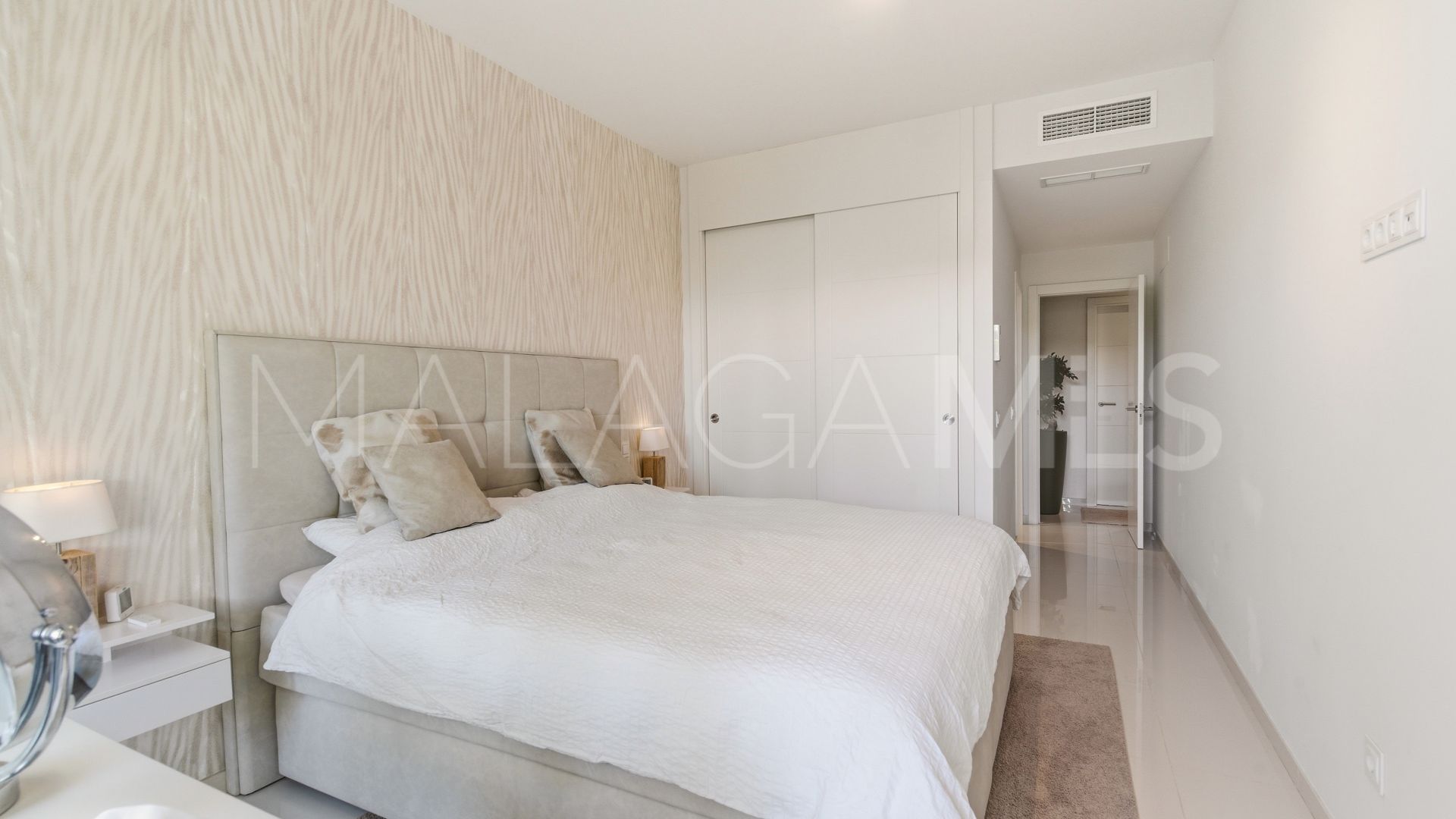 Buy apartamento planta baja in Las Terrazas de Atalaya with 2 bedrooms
########################################
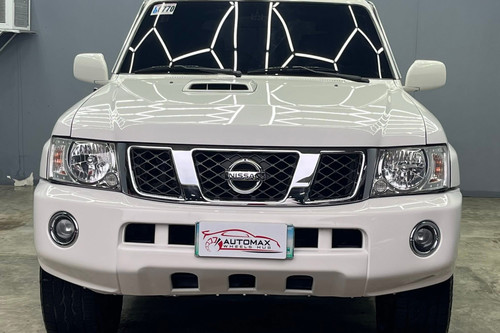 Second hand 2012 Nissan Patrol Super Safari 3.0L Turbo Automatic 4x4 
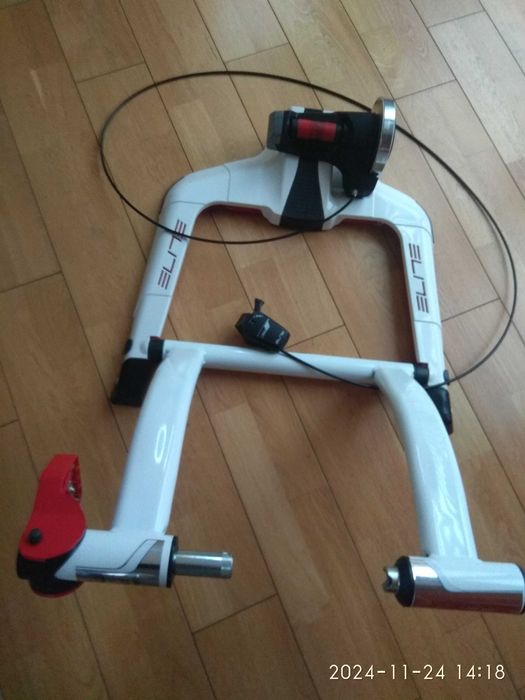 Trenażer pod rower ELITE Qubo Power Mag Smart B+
########################################
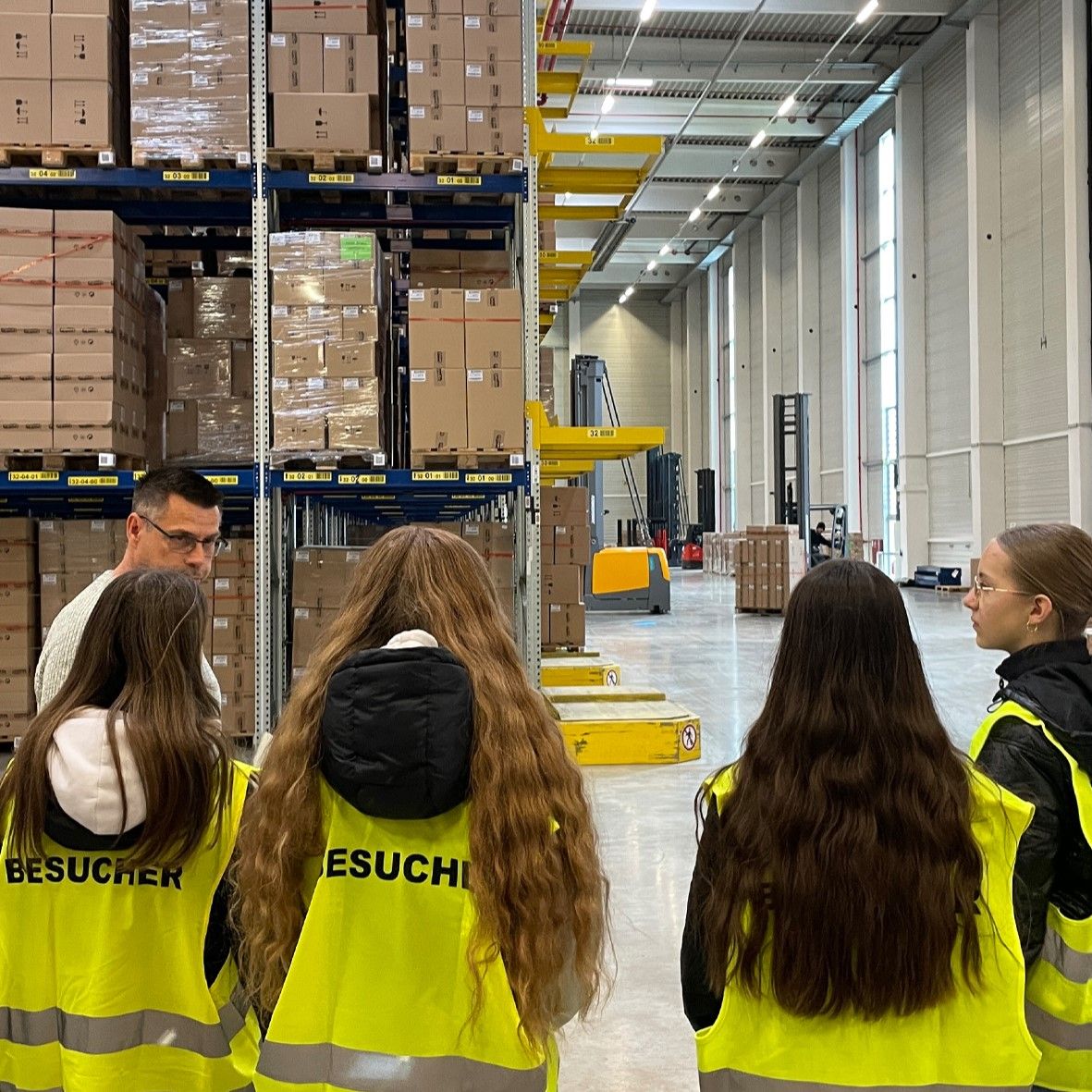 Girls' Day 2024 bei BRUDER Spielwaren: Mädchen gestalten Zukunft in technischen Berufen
########################################
All that should be printed is the run of lines above from the one with "Second hand 2012" through the one with "Trenażer pod rower", both included, exactly as given, with pictures left out.

### Reply to the task
 Second hand 2012 Nissan Patrol Super Safari 3.0L Turbo Automatic 4x4 
 Trenażer pod rower ELITE Qubo Power Mag Smart B+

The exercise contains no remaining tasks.